08 Apr 2026 · 7 min read
Section 6(4) of the DPDP Act 2023 is short and unforgiving: a Data Principal can withdraw consent at any time, and "the ease of doing so shall be comparable to the ease with which such consent was given". One sentence kills most cookie-banner architectures built before 2024.
If you collect consent in one click on a banner, you have to honour withdrawal in one click too — not a five-step form, not an email to grievance@, not a CAPTCHA-gated portal. The Rules explicitly call out "dark patterns" that make withdrawal disproportionately harder; the Data Protection Board has already signalled that asymmetry between Accept and Withdraw will be treated as a Section 6 violation.
The pattern that works: a persistent "Manage cookies" or "Manage consent" link in the footer of every page, plus the banner that re-opens on click and lets the user toggle each purpose. State lives in localStorage and is emitted as a CustomEvent so your analytics SDKs can listen and stop firing. On the backend, every withdrawal becomes an immutable row in your consent log with email/UA/ts — that record is your Section 8 evidence if the Board ever audits.
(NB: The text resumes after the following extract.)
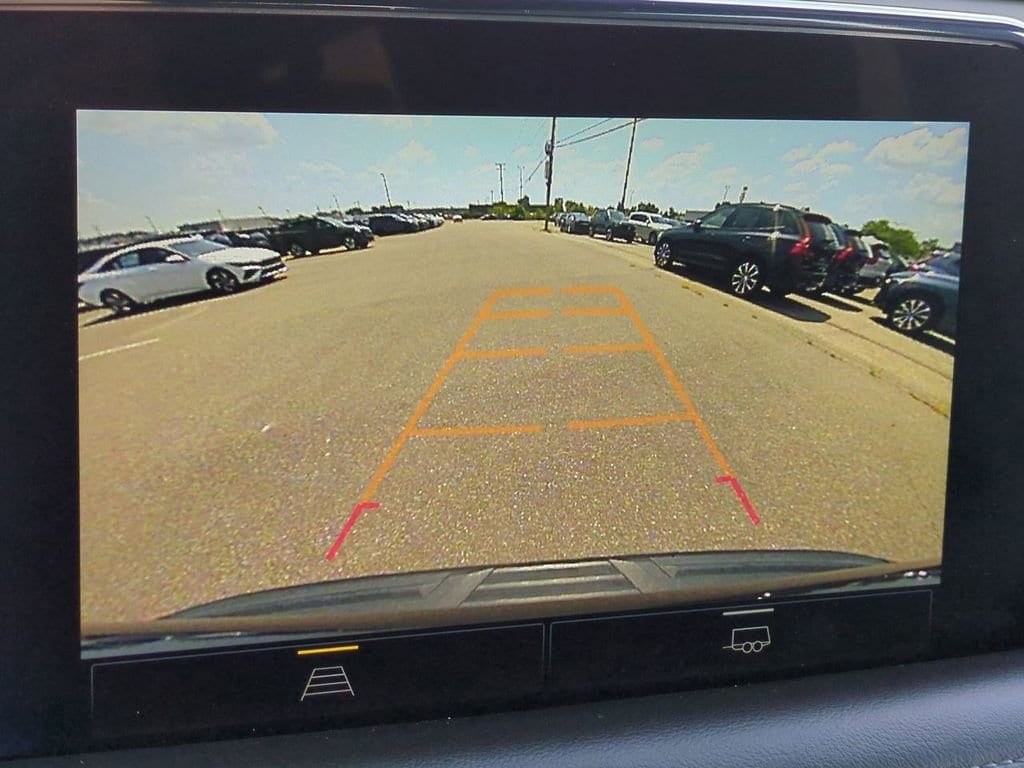 Thumbnail: 2022 Chevrolet Suburban - 34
Don't forget the downstream chain. Withdrawal isn't just stopping new collection — it propagates to your processors. If you sent the user's email to Mailchimp, Salesforce, or Meta CAPI, you need a vendor-side delete or suppression call within a reasonable window. The Rules don't fix that window in days, but the safest reading is 30 days. Build the propagation pipeline now and document it; a documented imperfect pipeline beats a perfect undocumented one.
The checkDPDP banner builder handles the UX side — re-openable preference centre, per-category toggles, localStorage state, audit-event emission — for free. You still own the processor-side propagation; that's the part nobody can automate for you.
Note. Guidance, not legal advice. For specific compliance decisions, please consult a qualified data-protection lawyer.